One of my favorite parts about our week is nature study. No matter where you live, there is always more to learn!
If you haven’t done much nature study before, or aren’t sure where to get started, let me share a few things with you that will hopefully make it an easy, fun part of your homeschool schedule.
Getting Started with Nature Study
The first thing you need to do is schedule some time outside during your day. I know it sounds obvious, but it’s really easy to skip going outside when you start to feel behind in, say, MATH, so it’s good to have it written in your lesson plans.
You’ll want to consider where you live when you’re thinking about the time of day it’s best for you to spend outdoors. My family lives in North Carolina, so we can nearly always be outside first thing in the morning, no matter what time of year.
In fact, in the summertime, it’s key for us to get outside first thing, or we won’t get out at all, because it’s hot and humid and my fair-skinned children have no business being outside in the heat of the day.
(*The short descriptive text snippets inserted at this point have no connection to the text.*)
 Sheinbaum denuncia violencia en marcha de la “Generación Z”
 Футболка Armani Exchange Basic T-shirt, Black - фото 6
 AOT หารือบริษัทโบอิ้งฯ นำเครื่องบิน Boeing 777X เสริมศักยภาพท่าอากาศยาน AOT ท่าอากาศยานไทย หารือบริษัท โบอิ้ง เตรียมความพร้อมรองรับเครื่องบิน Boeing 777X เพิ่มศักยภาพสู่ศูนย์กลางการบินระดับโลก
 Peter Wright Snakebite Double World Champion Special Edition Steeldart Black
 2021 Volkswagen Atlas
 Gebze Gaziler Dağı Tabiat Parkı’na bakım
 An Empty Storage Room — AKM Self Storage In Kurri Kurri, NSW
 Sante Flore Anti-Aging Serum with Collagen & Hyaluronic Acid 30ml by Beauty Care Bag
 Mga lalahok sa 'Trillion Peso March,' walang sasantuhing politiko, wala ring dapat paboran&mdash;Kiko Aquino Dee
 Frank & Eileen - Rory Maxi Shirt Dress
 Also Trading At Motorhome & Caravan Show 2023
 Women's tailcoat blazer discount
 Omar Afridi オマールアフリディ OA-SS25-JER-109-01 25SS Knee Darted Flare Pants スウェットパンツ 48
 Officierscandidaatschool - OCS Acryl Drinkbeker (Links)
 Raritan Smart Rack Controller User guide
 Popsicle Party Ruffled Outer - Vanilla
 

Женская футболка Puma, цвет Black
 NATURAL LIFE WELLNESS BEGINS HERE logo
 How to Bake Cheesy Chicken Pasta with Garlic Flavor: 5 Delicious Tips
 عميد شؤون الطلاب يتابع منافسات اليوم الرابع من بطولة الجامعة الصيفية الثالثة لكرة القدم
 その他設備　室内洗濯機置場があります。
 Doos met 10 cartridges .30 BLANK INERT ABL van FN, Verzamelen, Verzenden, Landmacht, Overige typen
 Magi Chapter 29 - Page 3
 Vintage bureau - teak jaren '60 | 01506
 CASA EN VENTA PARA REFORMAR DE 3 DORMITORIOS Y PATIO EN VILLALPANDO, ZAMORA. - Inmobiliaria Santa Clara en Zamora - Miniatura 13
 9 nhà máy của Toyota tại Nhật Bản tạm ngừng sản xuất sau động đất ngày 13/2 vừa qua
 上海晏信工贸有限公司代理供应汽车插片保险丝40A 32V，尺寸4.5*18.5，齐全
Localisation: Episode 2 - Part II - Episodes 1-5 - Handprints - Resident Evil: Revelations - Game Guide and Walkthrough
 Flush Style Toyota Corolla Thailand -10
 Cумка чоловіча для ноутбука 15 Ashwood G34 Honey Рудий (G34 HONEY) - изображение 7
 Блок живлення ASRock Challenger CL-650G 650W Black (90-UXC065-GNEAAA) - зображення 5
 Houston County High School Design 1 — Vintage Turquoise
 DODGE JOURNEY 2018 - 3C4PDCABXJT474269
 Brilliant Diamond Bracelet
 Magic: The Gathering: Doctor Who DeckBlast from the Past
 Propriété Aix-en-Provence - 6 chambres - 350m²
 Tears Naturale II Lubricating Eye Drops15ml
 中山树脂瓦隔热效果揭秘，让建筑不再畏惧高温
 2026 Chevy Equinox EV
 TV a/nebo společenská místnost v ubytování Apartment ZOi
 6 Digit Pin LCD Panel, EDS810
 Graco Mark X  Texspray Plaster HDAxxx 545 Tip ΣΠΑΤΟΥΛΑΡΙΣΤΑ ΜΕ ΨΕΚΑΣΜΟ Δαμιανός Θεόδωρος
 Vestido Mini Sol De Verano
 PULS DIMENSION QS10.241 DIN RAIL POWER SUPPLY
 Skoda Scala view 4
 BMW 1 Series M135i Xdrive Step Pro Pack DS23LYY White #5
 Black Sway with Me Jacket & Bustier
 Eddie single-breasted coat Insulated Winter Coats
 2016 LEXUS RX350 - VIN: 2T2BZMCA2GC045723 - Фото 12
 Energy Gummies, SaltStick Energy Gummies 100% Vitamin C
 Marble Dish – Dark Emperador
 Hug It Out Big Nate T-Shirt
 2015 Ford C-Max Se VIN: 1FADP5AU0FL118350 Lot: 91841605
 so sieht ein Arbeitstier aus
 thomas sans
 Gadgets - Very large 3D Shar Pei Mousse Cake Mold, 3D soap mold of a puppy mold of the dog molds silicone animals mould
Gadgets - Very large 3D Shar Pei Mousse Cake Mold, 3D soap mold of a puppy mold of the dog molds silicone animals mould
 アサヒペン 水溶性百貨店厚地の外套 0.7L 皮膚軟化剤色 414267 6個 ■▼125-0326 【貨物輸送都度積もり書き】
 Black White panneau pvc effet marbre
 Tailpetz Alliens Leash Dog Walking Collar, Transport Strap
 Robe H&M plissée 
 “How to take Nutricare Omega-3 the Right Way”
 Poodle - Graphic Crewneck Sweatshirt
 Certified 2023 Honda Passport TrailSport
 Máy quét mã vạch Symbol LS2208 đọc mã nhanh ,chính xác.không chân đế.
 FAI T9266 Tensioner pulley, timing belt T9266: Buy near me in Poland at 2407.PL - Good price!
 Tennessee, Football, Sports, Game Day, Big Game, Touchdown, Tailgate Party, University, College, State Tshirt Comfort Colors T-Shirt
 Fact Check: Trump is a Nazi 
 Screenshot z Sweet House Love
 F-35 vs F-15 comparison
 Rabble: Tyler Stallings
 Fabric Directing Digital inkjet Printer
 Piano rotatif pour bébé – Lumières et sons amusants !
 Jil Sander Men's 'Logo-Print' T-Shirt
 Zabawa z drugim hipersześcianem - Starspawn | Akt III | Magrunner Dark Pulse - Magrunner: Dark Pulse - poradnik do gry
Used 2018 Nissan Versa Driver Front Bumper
One interesting thing you could add to your nature journal entries is the time the sun rises and sets each day. Check out SunriseSunset.com, where you can make a free printable chart of sunrise and sunset times for each month for your town, and you can include moon phases, moonrise and set times, and more.
Obviously, you’ll want to dress appropriately, consider whether you’ll want insect repellent, and you might want to invest in some inexpensive rain ponchos for everyone so you won’t have to stay inside when it rains. (Nature study in the rain is really interesting!)
There are a few tools that will make your nature study time easier and more fun, both for you and for your students. As the teacher, it’s your job to learn how to identify what you find and teach your children how to do so, too. Don’t worry if you’ve never done much of this kind of thing before! It’s never too late to start.
One book I consider indispensable is Anna Botsford Comstock’s Handbook of Nature Study. This book is large, and probably not one you’re going to want to carry around with you, but it’s invaluable for any teacher and provides some great lessons on tons of topics. This is a resource for adults; it offers wonderful information, with questions you can ask students, but it’s not really for reading to students.
In our local nature club, we’ve been studying wildflowers, and the leaders taught us about the parts of a flower and its plant using what they’d learned from the HBNS. Then we drew a daisy plant one of them had brought, and after that, we went on a nature walk to see what was blooming.
Field guides are another important resource for nature study. I try to take at least one guide with us for whatever we’re currently studying when we go outside. If you don’t have any, they can get expensive, but there are a couple you can get that will help you get started.
The National Audubon Society publishes regional guides, which cover a little bit on a variety of topics for each geographical region. I have the one for the Southeastern States, which covers AL, AR, GA, KY, LA, MS, NC, SC, and TN. The others are:
- Southwestern States (AZ, NV, NM, UT)
- Mid-Atlantic (DE, MD, NJ, NY, PA, VT, VA, WV, DC)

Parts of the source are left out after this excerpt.